United States: Physical Geography

Physical Geography

The conterminous United States may be divided into seven broad physiographic divisions: from east to west, the Atlantic–Gulf Coastal Plain; the Appalachian Highlands; the Interior Plains; the Interior Highlands; the Rocky Mountain System; the Intermontane Region; and the Pacific Mountain System. An eighth division, the Laurentian Uplands, a part of the Canadian Shield, dips into the United States from Canada in the Great Lakes region. It is an area of little local relief, with an irregular drainage system and many lakes, as well as some of the oldest exposed rocks in the United States.

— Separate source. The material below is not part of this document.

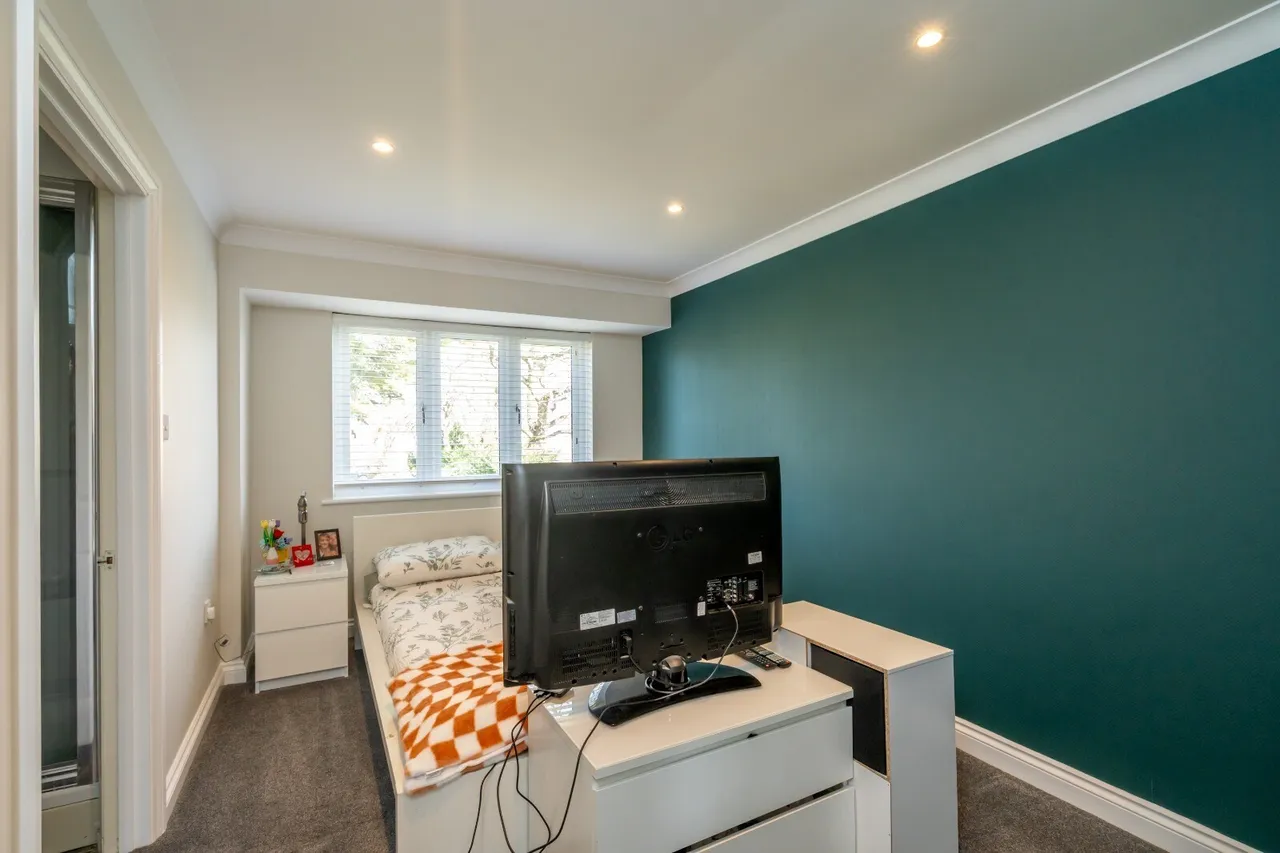 Outerwyke Road, Bognor Regis, PO22, photo 13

The terrain of the N United States was formed by the great continental ice sheets that covered N North America during the late Cenozoic Era. The southern edge of the ice sheet is roughly traced by a line of terminal moraines extending west from E Long Island and then along the course of the Ohio and Missouri rivers to the Rocky Mts.; land north of this line is covered by glacial material. Alaska and the mountains of NW United States had extensive mountain glaciers and were heavily eroded. Large glacial lakes (see Lake Bonneville under Bonneville Salt Flats; Lahontan, Lake) occupied sections of the Basin and Range province; the Great Salt Lake and the other lakes of this region are remnants of the glacial lakes.